A review by katykelly
The Black Dragon by Julian Sedgwick

4.0

I recently met Julian Sedgwick, and felt terrible that I've read several by Marcus, but none by his (older!) brother. Completely different in genre and style, this is definitely going to appeal to an upper primary/lower secondary audience, particularly boys - circuses, escapes, chases, clues, gangs, mysteries.

Danny Woo is an orphan, his parents were killed in a fire at the circus where they worked with their son a year ago. Danny is rather numb from the experience, and misses both his parents and Mysterium home at which they worked at escapology and hynopist acts.

His aunt Laura takes him to Hong Kong after an explosion at his school, and he quickly suspects that not only was this not an accident, but criminals are after him. Laura is kidnapped, and his childhood friend Zamora (a dwarf from the Mysterium) teams up with Danny to find her and work out why the gangs are after him. Does it have anything to do with parents?
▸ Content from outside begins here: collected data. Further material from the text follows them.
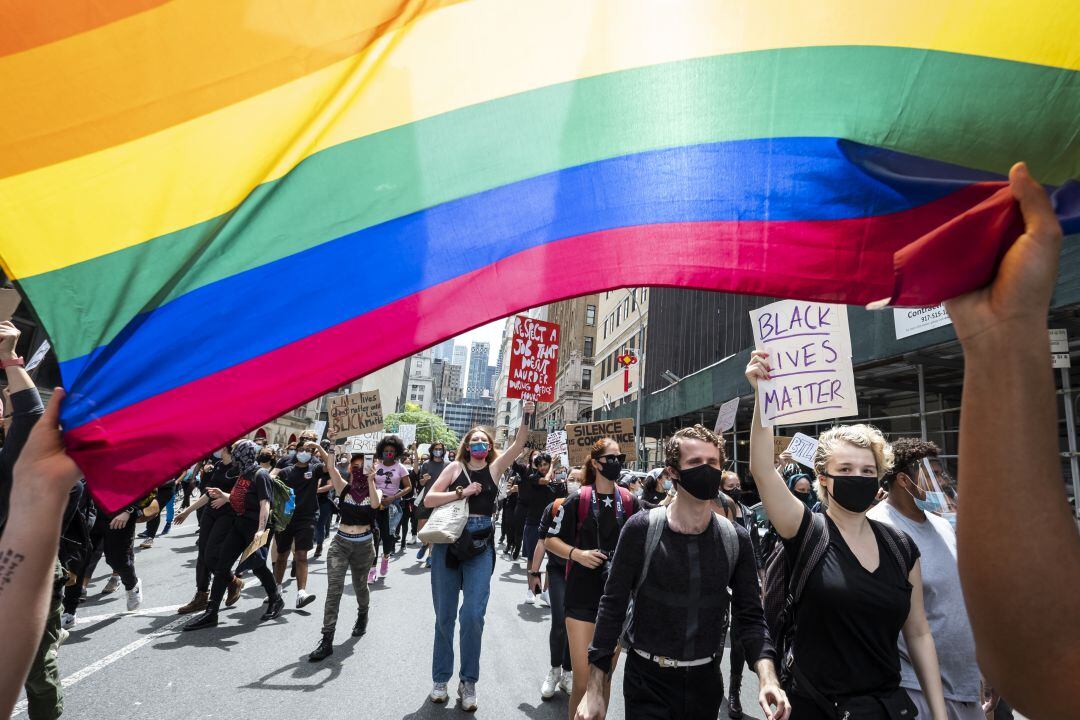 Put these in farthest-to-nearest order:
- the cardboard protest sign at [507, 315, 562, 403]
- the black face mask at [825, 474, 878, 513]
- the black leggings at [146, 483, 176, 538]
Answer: the black leggings at [146, 483, 176, 538] → the cardboard protest sign at [507, 315, 562, 403] → the black face mask at [825, 474, 878, 513]

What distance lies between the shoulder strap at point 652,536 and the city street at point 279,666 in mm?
2559

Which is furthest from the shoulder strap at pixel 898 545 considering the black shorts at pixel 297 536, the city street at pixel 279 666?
the black shorts at pixel 297 536

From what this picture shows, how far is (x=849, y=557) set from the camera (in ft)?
8.68

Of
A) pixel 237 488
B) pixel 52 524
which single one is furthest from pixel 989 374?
pixel 237 488

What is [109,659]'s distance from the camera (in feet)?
17.3

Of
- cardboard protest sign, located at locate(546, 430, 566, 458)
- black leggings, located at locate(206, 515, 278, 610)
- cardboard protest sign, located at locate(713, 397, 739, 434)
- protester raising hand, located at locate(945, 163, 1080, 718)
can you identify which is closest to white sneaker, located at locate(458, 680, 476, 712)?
black leggings, located at locate(206, 515, 278, 610)

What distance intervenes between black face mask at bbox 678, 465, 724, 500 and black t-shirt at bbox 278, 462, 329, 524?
256 inches

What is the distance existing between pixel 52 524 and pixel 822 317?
3.49 m

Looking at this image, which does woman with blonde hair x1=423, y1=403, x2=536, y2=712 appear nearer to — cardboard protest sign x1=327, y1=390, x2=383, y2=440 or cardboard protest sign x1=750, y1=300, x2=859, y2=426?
cardboard protest sign x1=750, y1=300, x2=859, y2=426

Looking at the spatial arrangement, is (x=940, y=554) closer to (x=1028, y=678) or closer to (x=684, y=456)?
(x=684, y=456)

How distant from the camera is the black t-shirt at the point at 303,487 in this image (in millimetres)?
7926

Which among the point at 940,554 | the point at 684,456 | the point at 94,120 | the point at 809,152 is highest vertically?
the point at 809,152

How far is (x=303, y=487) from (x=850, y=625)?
7.27 m

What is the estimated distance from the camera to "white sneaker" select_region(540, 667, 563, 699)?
502 centimetres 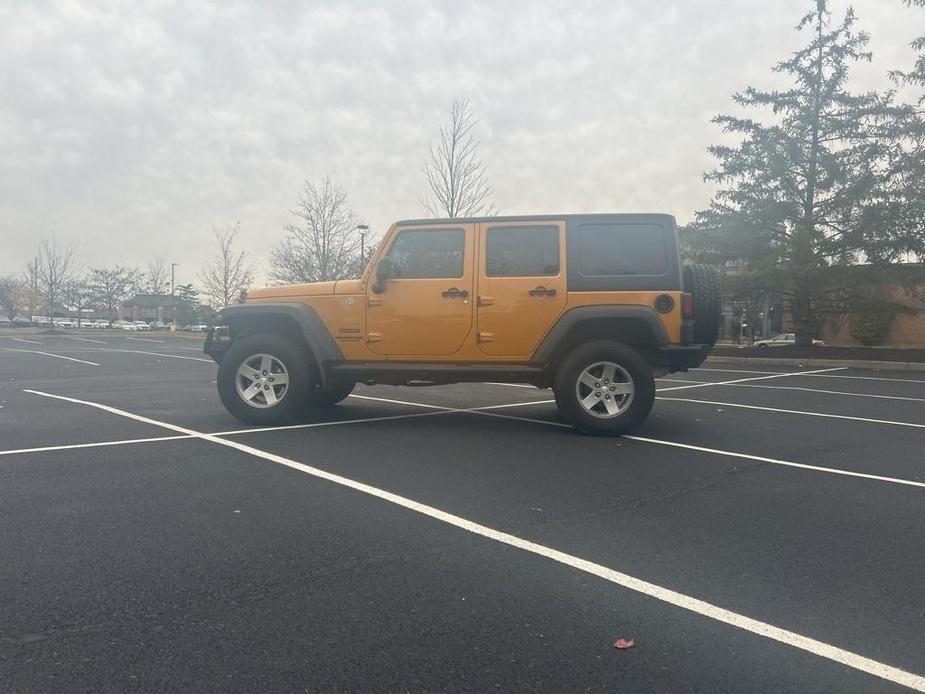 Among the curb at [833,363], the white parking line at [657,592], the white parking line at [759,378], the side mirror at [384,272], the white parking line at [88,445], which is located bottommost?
the white parking line at [657,592]

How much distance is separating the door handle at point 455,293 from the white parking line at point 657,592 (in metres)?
2.53

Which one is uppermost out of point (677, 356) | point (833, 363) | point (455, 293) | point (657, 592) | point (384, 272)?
point (384, 272)

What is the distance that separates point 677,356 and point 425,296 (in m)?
2.66

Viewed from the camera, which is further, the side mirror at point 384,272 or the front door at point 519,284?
the side mirror at point 384,272

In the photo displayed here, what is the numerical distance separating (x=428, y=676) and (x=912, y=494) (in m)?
4.04

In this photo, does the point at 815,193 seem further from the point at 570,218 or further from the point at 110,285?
the point at 110,285

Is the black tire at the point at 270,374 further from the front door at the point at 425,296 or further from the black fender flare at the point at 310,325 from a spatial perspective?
the front door at the point at 425,296

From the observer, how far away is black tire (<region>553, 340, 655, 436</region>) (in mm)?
6633

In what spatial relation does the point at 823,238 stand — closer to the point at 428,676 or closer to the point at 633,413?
the point at 633,413

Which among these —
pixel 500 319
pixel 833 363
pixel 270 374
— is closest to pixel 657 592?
pixel 500 319

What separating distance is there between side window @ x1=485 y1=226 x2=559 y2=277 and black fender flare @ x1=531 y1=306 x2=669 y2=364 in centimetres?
53

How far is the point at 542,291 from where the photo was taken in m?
6.85

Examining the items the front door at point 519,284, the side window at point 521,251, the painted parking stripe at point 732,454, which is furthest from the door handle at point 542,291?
the painted parking stripe at point 732,454

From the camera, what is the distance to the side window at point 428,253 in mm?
7102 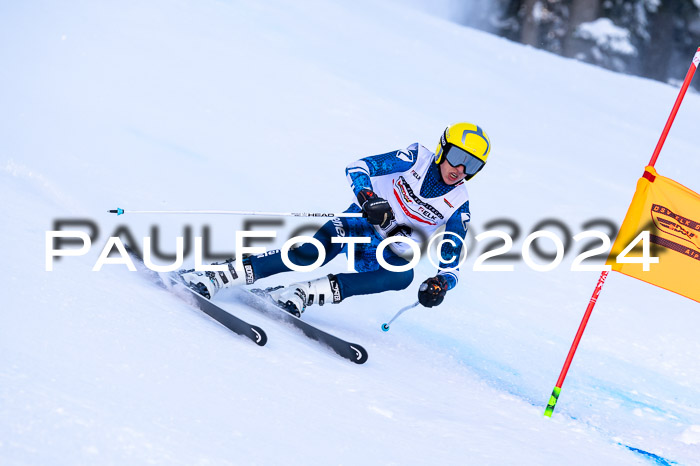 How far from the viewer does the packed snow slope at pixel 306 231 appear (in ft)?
8.56

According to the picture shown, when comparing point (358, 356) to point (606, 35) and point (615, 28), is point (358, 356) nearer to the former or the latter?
point (606, 35)

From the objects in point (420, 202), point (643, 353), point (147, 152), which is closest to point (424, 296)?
point (420, 202)

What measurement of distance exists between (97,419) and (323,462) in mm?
674

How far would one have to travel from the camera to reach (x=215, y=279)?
4.12 m

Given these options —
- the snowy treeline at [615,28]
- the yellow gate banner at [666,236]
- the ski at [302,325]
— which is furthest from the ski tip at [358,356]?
the snowy treeline at [615,28]

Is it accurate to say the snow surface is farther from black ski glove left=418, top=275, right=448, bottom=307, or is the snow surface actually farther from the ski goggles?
black ski glove left=418, top=275, right=448, bottom=307

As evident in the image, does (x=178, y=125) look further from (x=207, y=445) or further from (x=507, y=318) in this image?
(x=207, y=445)

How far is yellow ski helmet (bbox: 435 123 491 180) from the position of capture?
4141 millimetres

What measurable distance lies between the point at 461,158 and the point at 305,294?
1052 millimetres

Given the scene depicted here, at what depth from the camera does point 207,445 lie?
236cm

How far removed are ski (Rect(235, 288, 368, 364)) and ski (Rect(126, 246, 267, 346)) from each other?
0.44 m

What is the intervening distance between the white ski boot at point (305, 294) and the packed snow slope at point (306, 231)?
0.92ft

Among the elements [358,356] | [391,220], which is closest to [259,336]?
[358,356]

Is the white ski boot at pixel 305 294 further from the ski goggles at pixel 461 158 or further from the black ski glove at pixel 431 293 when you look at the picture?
the ski goggles at pixel 461 158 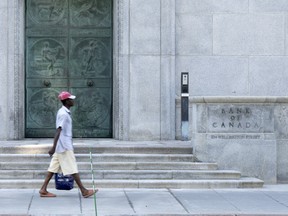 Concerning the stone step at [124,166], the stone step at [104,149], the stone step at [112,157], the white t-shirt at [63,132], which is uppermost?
the white t-shirt at [63,132]

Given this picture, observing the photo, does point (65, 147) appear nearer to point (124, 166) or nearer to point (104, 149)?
point (124, 166)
The Hong Kong setting is refreshing, it is contemporary but other-wordly at the same time for western readers, Danny is a mature but still young hero that readers will identify with, his grief gradually coming out. Zamora makes a great sidekick - martial arts and strongman act coming in handy in the fights and chases.

I wanted more from the Mysterium. We hear a lot about it, but only see snippets in Danny's memories. It seems too intriguing for us not to see more!

A great start to an adventure/mystery series for 10-14 year olds.